O aluno também poderia consultar o trabalho do colega ao lado? Sem dúvida. Preservando-se um certo ambiente e clima de silêncio, a consulta ao colega simula a situação usual de trabalho coletivo em laboratórios, empresas, redações, escritórios e hospitais. Trocar ideias e mesmo respostas com o vizinho não exime o aluno de construir com as próprias palavras a sua justificativa. Se ele consegue defender com argumentos sua resposta, tanto faz se com muita ou pouca ajuda alheia, isso significa que ele aprendeu. Ora, algum mestre deseja outra coisa?

Transformar a cola em consulta assume o conhecimento como uma construção permanente. Provas com consulta exigem menos questões, portanto exigem que se abandone a pretensão de testar a matéria toda.

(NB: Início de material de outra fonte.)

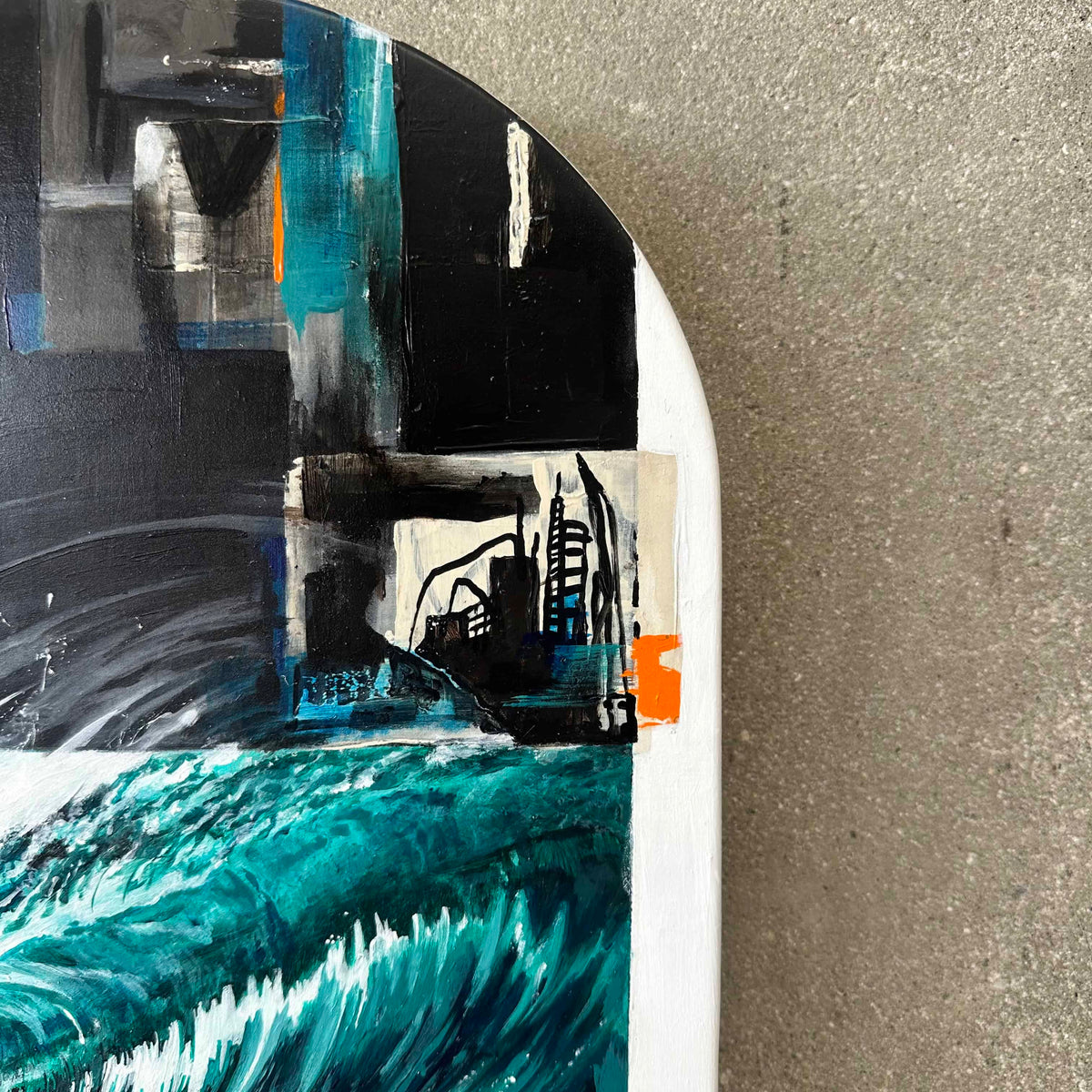 "Waterman's Relic" Acrylic on Speedo Kickboard by Ryan Cochran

Já se sabe há muito que o aluno não precisa decorar a matéria toda, mas sim saber procurar o conhecimento quando precisa dele. Ou seja, o aluno precisa aprender a pesquisar, vale dizer, a fazer consultas. Logo, provas com consulta são o meio lógico para ensiná-lo a pesquisar e a pensar. Na verdade, provas com consulta tendem a ser mais difíceis, qualquer aluno sabe — mas sente que tem a sua inteligência respeitada e estimulada.

Em resumo: no meu entender, quem cola é que não sai mesmo da escola – porque fica preso numa postura infantil e subalterna, sempre dependente do conhecimento alheio. Logo, precisamos acabar com a cola. Todavia, como procurei demonstrar, a repressão à cola apenas provoca mais cola. Logo, precisamos transformar a cola em outra coisa, a saber: em consulta ampla, geral e irrestrita. Para fazê-lo, precisamos modificar o instrumento básico de avaliação da escola, exigindo que todos e não menos do que todos os testes e exames sejam discursivos.